**What you should do**
Write out again the lines from the line with "IYYVV Sweatpants for" up to and including the line with "Black Diamond Special", exactly as they stand below, and skip any picture.

**Available records**
———

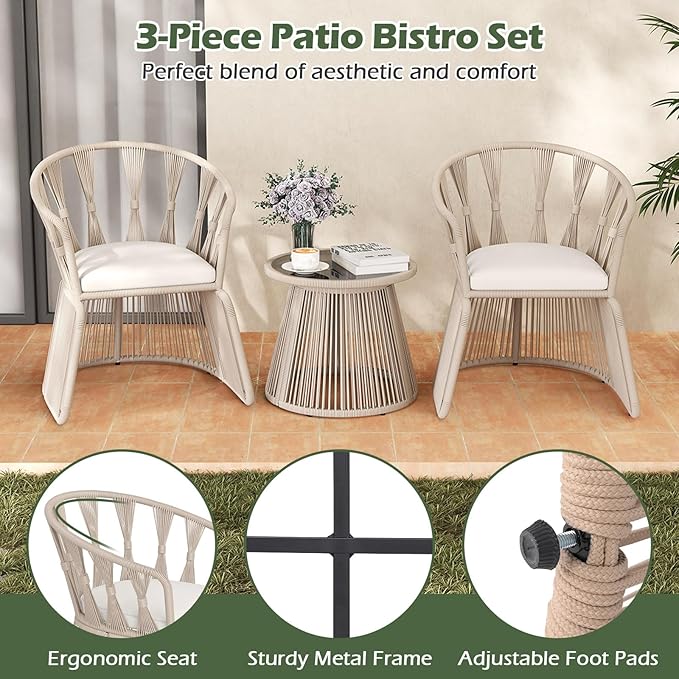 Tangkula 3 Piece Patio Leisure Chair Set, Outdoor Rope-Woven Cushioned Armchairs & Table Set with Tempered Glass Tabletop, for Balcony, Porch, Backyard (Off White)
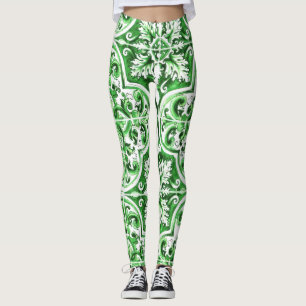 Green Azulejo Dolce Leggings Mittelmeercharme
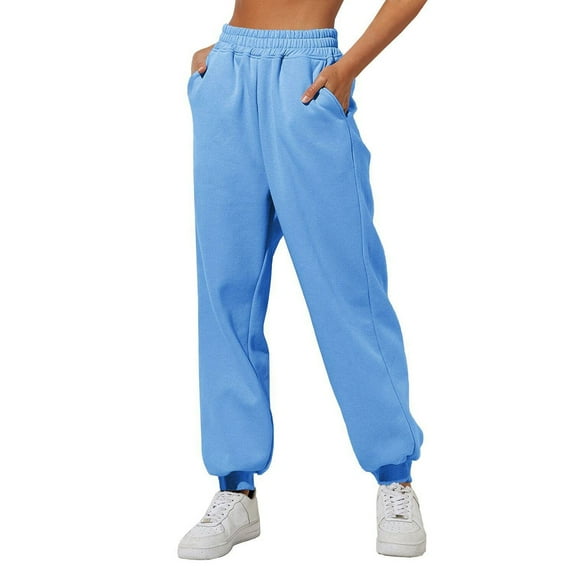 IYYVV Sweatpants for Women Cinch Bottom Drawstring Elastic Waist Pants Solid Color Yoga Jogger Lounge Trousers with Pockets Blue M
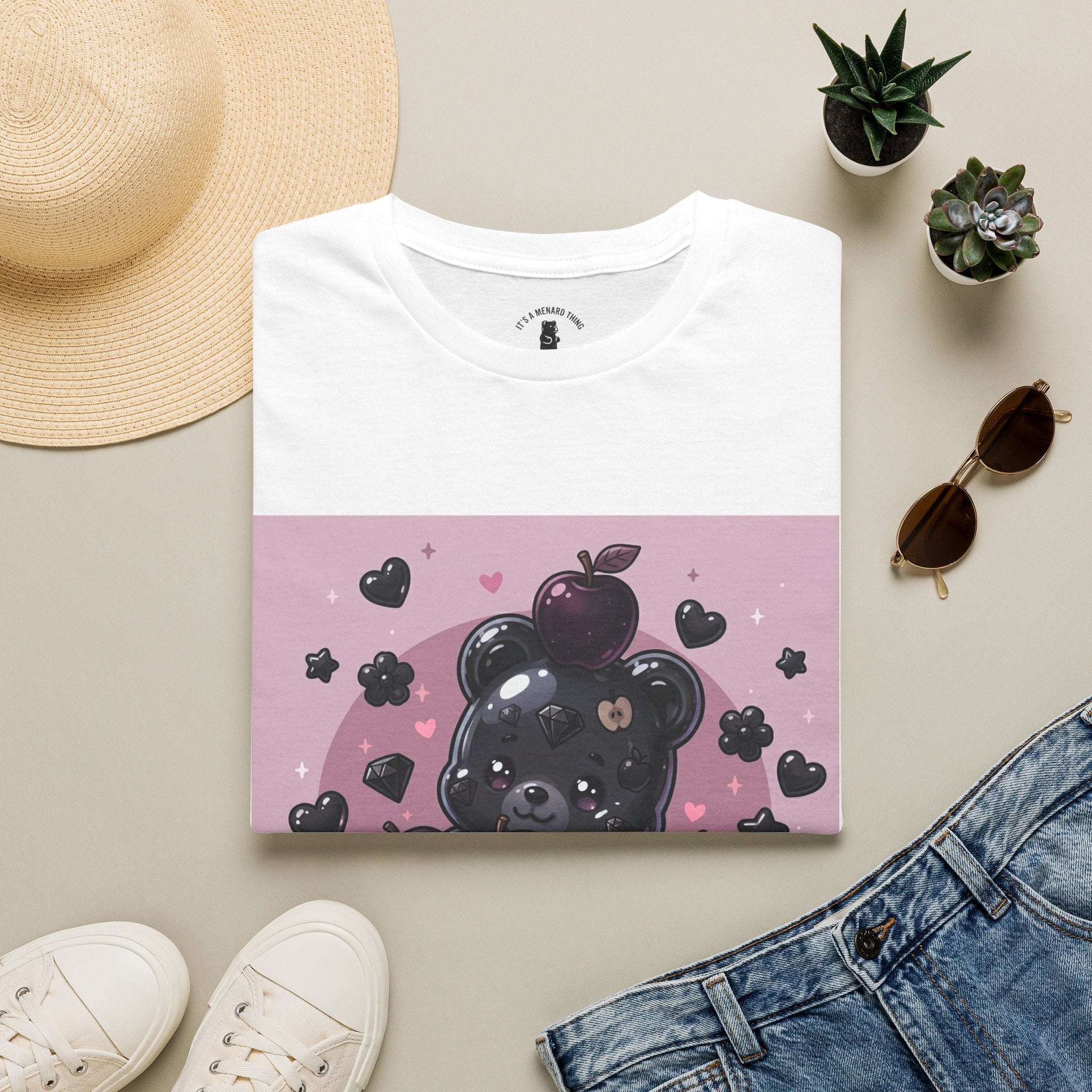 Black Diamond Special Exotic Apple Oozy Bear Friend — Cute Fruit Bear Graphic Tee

———

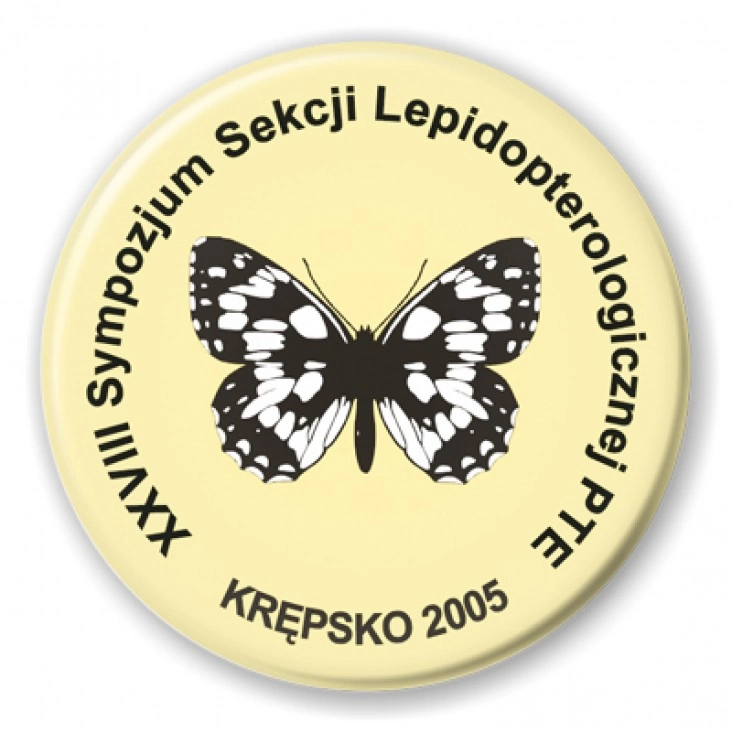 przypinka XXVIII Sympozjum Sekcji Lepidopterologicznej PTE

———

**Answer area**
 IYYVV Sweatpants for Women Cinch Bottom Drawstring Elastic Waist Pants Solid Color Yoga Jogger Lounge Trousers with Pockets Blue M
 Black Diamond Special Exotic Apple Oozy Bear Friend — Cute Fruit Bear Graphic Tee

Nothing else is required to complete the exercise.